======== Exercise input ========

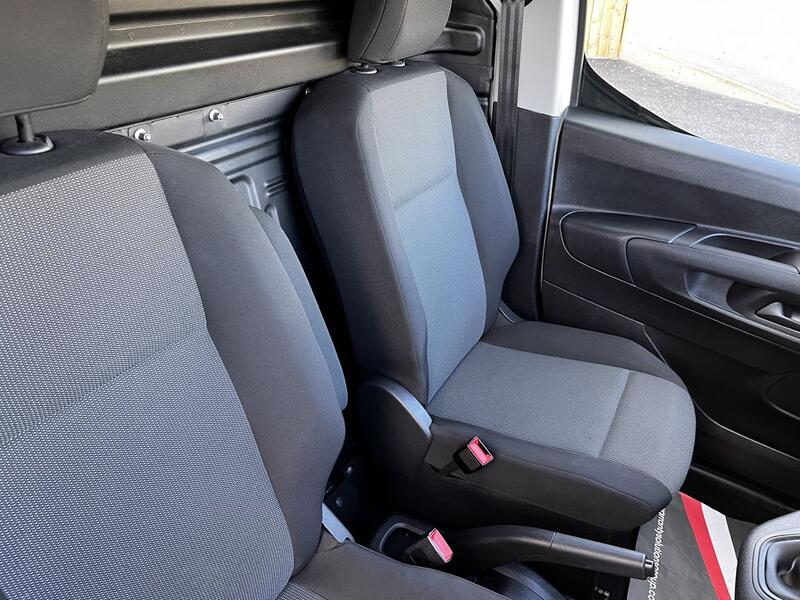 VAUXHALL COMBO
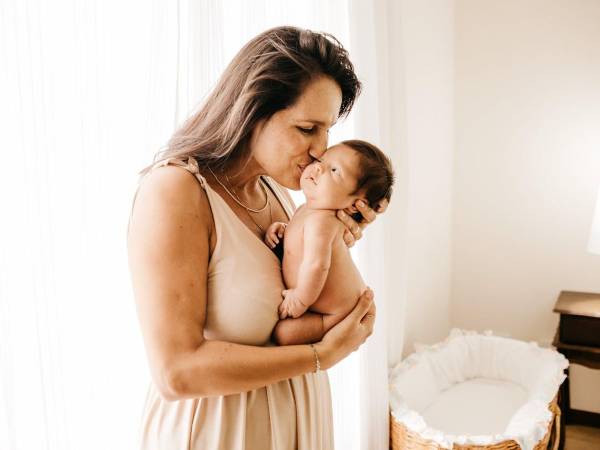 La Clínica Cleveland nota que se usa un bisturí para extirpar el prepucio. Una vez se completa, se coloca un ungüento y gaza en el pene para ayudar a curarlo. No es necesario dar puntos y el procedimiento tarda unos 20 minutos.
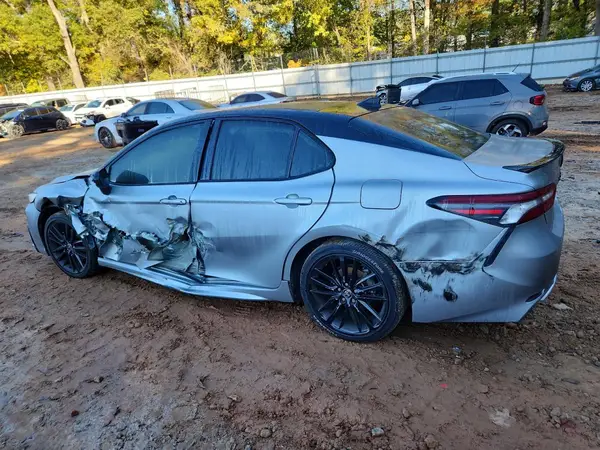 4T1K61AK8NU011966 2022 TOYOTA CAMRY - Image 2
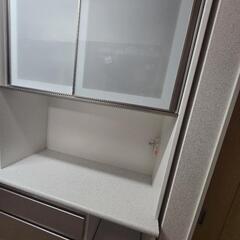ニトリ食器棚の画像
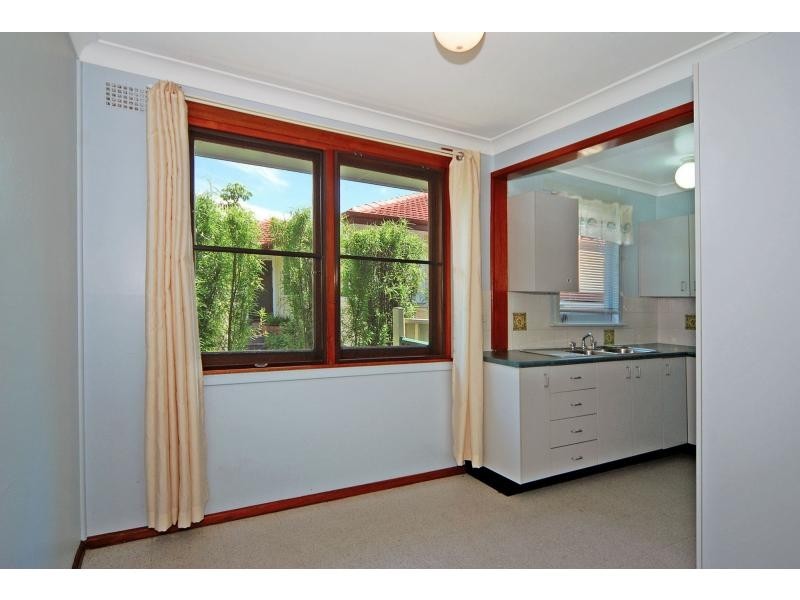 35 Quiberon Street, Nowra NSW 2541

========
======== Exercise input ========

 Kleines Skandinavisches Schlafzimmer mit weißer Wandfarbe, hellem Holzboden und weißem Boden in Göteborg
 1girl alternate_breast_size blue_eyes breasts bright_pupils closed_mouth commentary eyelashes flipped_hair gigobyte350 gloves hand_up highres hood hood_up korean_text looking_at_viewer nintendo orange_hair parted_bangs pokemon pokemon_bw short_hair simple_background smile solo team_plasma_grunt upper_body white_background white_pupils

========

## Exercise
Copy out the lines above from the line containing "VAUXHALL COMBO" through the line containing "35 Quiberon Street, Nowra NSW 2541", exactly, and keep the pictures out.

## Answer to this problem
 VAUXHALL COMBO
 La Clínica Cleveland nota que se usa un bisturí para extirpar el prepucio. Una vez se completa, se coloca un ungüento y gaza en el pene para ayudar a curarlo. No es necesario dar puntos y el procedimiento tarda unos 20 minutos.
 4T1K61AK8NU011966 2022 TOYOTA CAMRY - Image 2
ニトリ食器棚の画像
 35 Quiberon Street, Nowra NSW 2541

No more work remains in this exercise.